One Bad Cookie

Musings of a Girl Gamer & Sometimes Writer

Tuesday, April 19, 2005

Santa Teresa

Santa Teresa

Taking a rickety old tram, close to the centre of Rio de Janeiro, is perhaps the easiest most enjoyable way to reach the beautiful district of Santa Teresa. The local Cariocas sometimes cling to the sides of the arthritic contraption to avoid paying the fair, which may seem a pittance to some, but in Brazil where the divide between the extremely rich and extremely poor seems so great…it is understandable.

An historical, picturesque part of the city, Santa Teresa is a place ‘frozen in another time’ where the buildings are stained with tropical fungi that cling relentlessly to the blue Portuguese tiles, white-washed walls and fading paint. The local people will tell you with pride that Ronald Biggs, an eccentric train robber, lived here for many years, and their colourful anecdotes are both highly amusing and informative. I can imagine an aging train robber living in a place like this; the place hints at a decadent past and although some of the very grand houses remain intact, they are overgrown with various flowers and creepers.
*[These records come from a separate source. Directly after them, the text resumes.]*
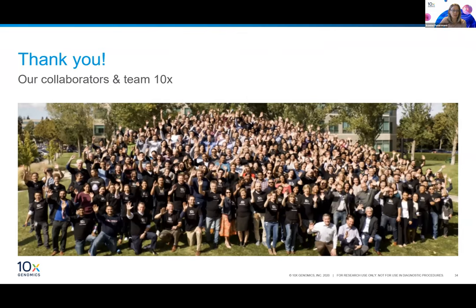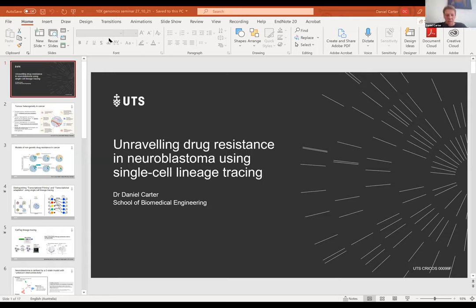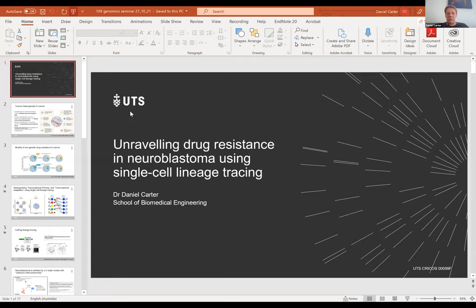Yvonne concluded and handed over to Dan Carter. Dan thanked the organizers for the invitation and noted his talk covers unpublished work in progress on understanding drug resistance in neuroblastoma, a childhood cancer, proving key concepts around the power of single cell work and the utility of 10x equipment.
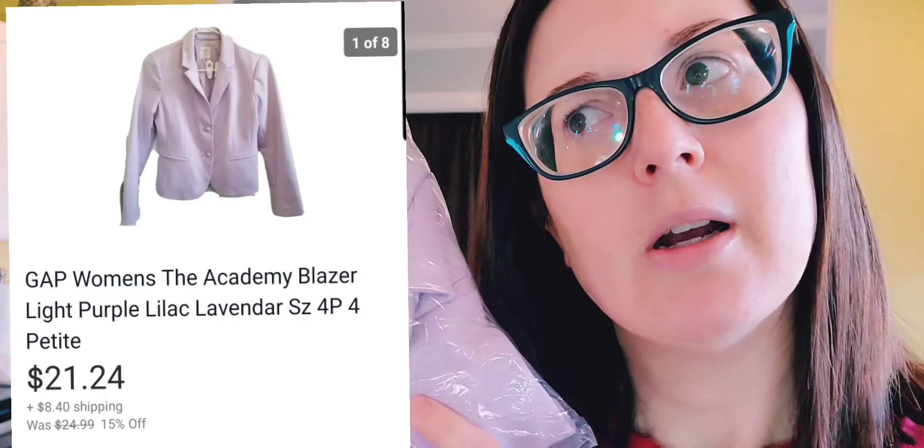Here we have a lilac or lavender Gap Academy Blazer. The Academy Blazers do pretty well between $20 and $35 — they used to do better, but there's still a solid sale. This was listed for probably six months. I got it for $1.50 and it sold on sale for $21 on eBay.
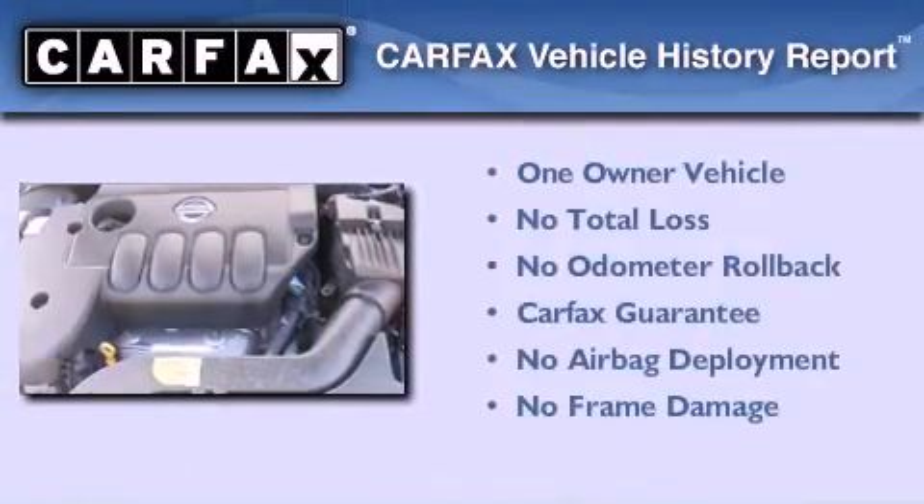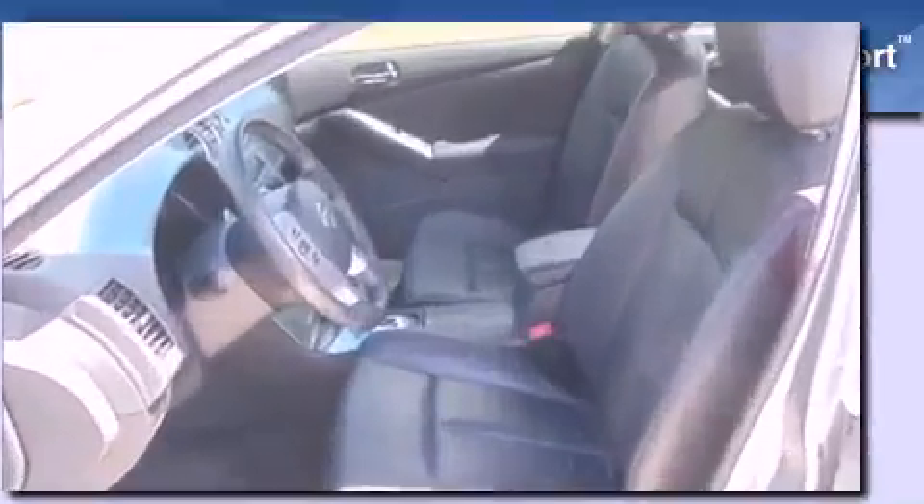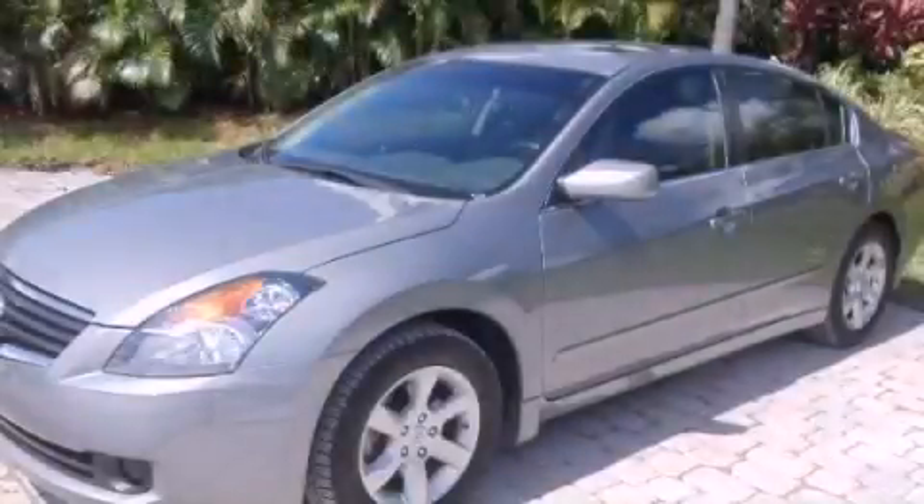This Nissan has had only one owner, and it qualifies for the Carfax buy-back guarantee. Stop by today and test drive this vehicle for yourself.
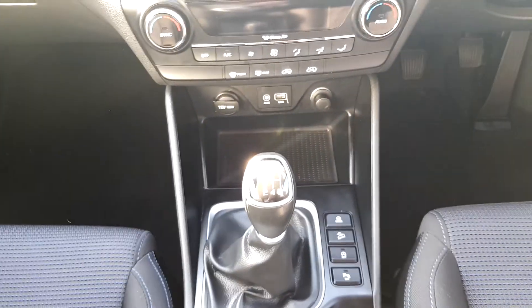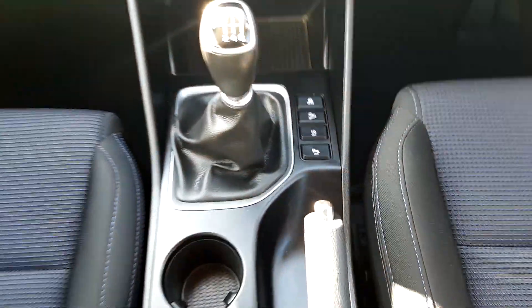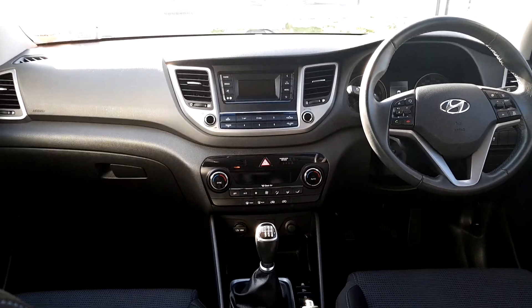It has a 6-speed gearbox, auxiliary jack and USB port, stop-start system, and also has ISOFIX in the rear seats.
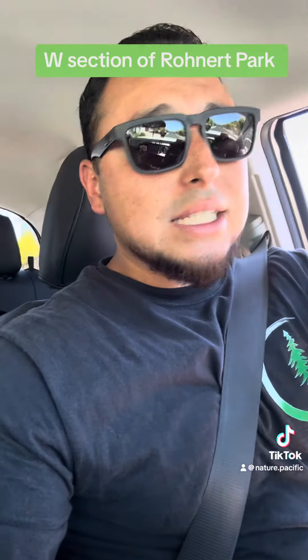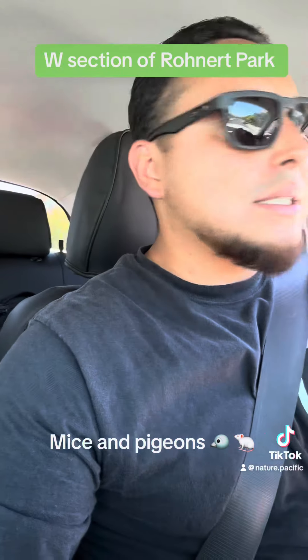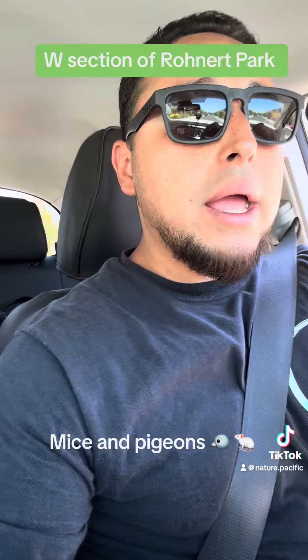We're getting a lot of calls for two things specifically: field mice. Since they're still building these homes and tilling the open fields, people are getting field mice in their garage or pantry — we can definitely help with that. The other thing is a lot of these homes are getting solar panels installed.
This adds to the bohemian atmosphere of the place and it is a fitting that many artists have made this place their home.

In fact the little shops and café-restaurants that adorn Santa Teresa’s narrow, uneven streets are filled with interesting curiosities and work by local artists, ranging from Papier-mâché sculptures of voluptuous, red lipped women to earthy paintings of the Favela itself in its ever changing moods. The modern graffiti that can be found round every bend also adds to the charm of the place – because it is surprisingly skilful and tasteful – rather than the random tagging scrawled across London’s streets.

If you have time to kill – a wandering painter might offer to make you an original painting – and it is at a moment like this where you will benefit from speaking Portuguese or a Latin language. I met an interesting man, in a dishevelled blue-grey suit, clutching his palate, paints and canvases under his arm and smoking a curiously shaped pipe. His skin was the colour of toasted coffee beans and his hair was curly and greying at the temples. He was splashed with flecks of oil paint and his fingers and fingernails speckled with acrylic. The overall effect was that he seemed as much apart of the place as the buildings themselves. The most interesting thing about him…was his easy grace and the fact that he wasn’t wearing any shoes. Despite my best efforts…the opportunity to converse with someone full of local history passed…but I admired his lyrical voice and friendly smile. However, I would feel much richer if I had been able to chat with him awhile, ask questions and watch him paint.

The place is small and there is not much to do apart from sipping cold beer in one of the cafés or sampling some of the fine Brazilian cooking available…but I still found myself fully absorbed for hours…before the threat of rain finally caused me to make a hasty retreat back to my hotel.

Santa Teresa was perhaps my favourite part of Rio…and I will post pictures here soon when I have finished editing them.